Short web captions
┄┄┄┄┄┄┄┄┄┄

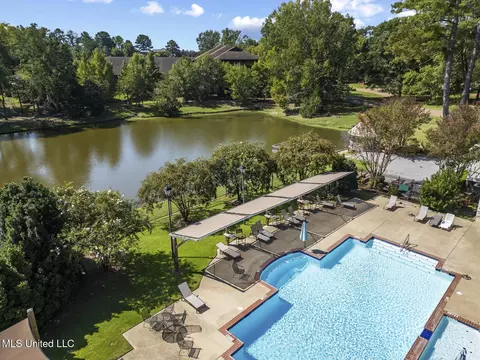 Exterior - 148 Deertrail Ln, Madison, MS 39110 photo 15 of 16
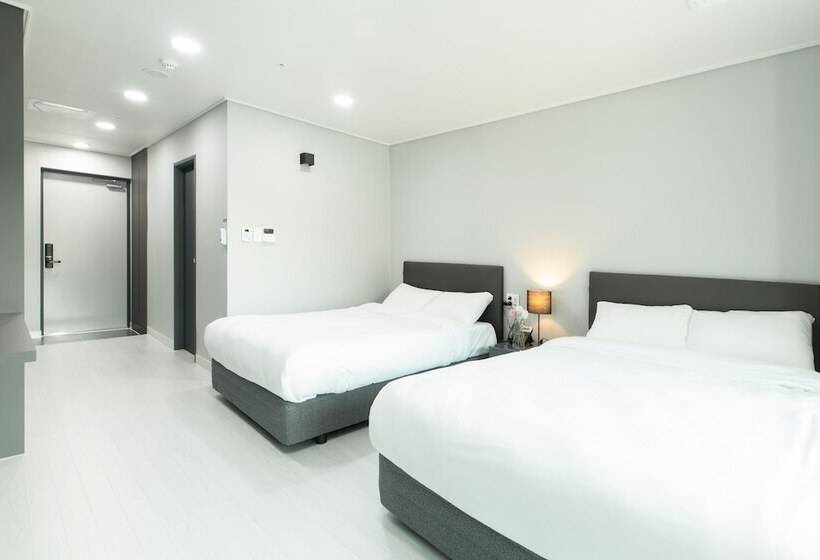 Szálloda Miami Jeongseon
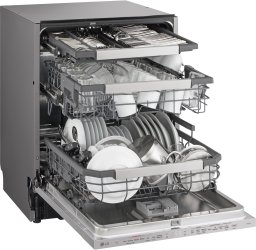 Zmywarka LG DISHWASHER BI DB597TXS LG
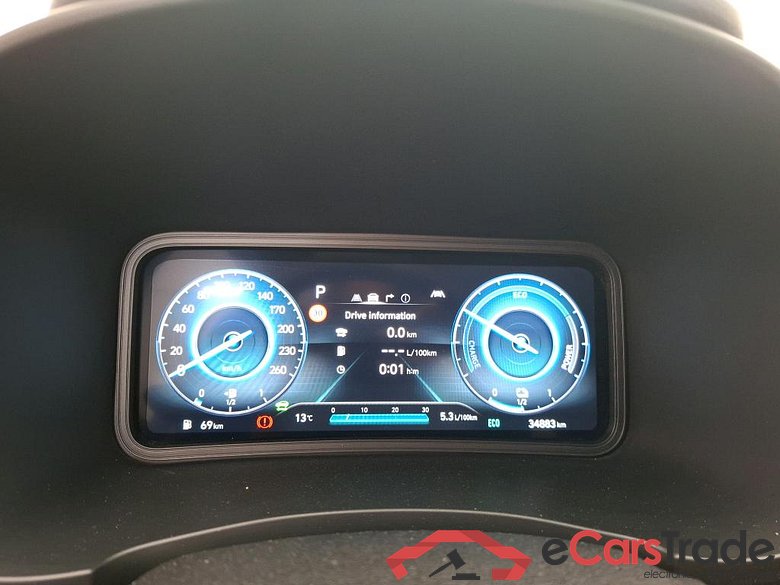 HYUNDAI Kona / 2020 / 5P / SUV 1.6 HYBRID 141 EXECUTIVE HEV #6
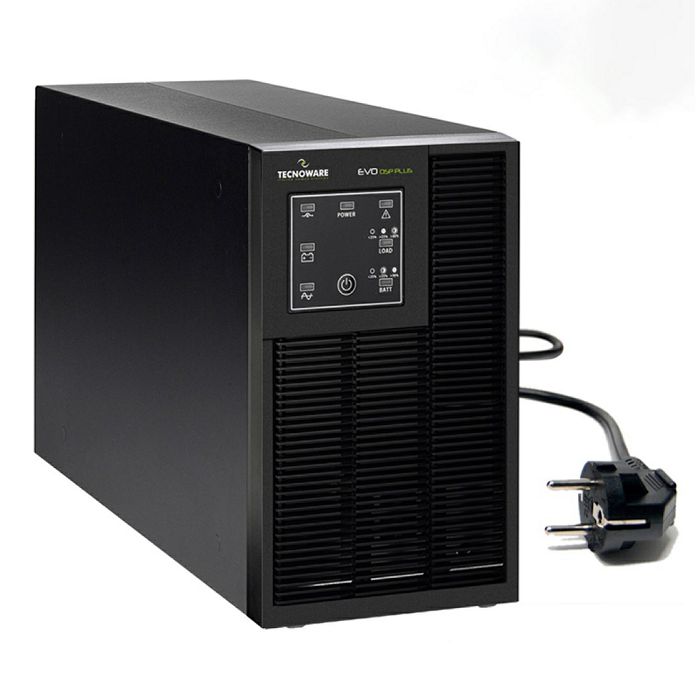 Tecnoware UPS EVO DSP PLUS 800 uninterrupted power supply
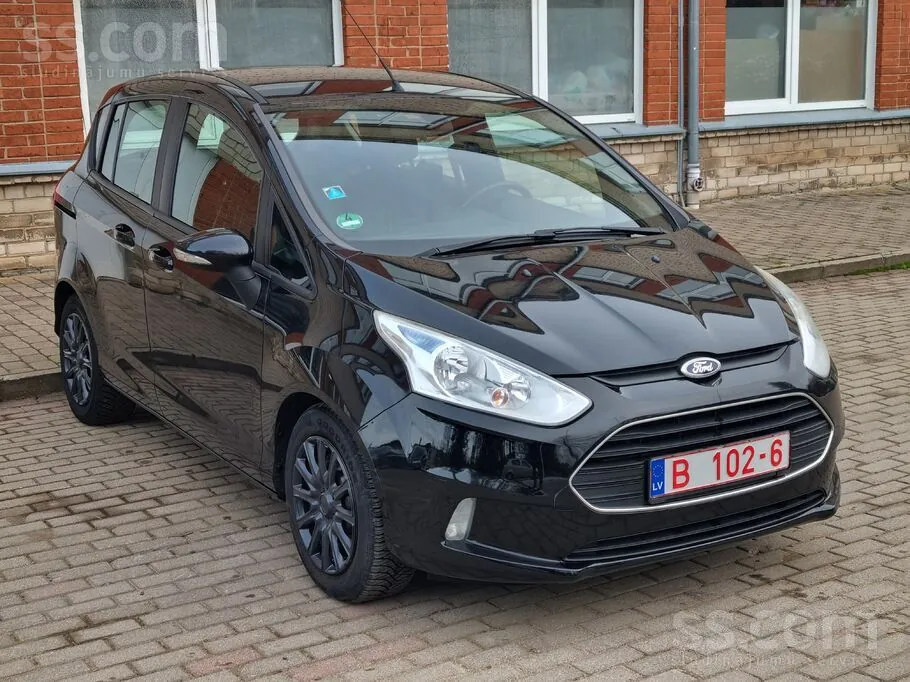 Ford B-Max 2014 photo 3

┄┄┄┄┄┄┄┄┄┄

> **EXERCISE DESCRIPTION**
Please write out exactly the lines from the one containing "Zmywarka LG DISHWASHER BI DB597TXS LG" through the last line of the records above, and leave out any pictures.

> **TASK OUTPUT**
 Zmywarka LG DISHWASHER BI DB597TXS LG
 HYUNDAI Kona / 2020 / 5P / SUV 1.6 HYBRID 141 EXECUTIVE HEV #6
 Tecnoware UPS EVO DSP PLUS 800 uninterrupted power supply
 Ford B-Max 2014 photo 3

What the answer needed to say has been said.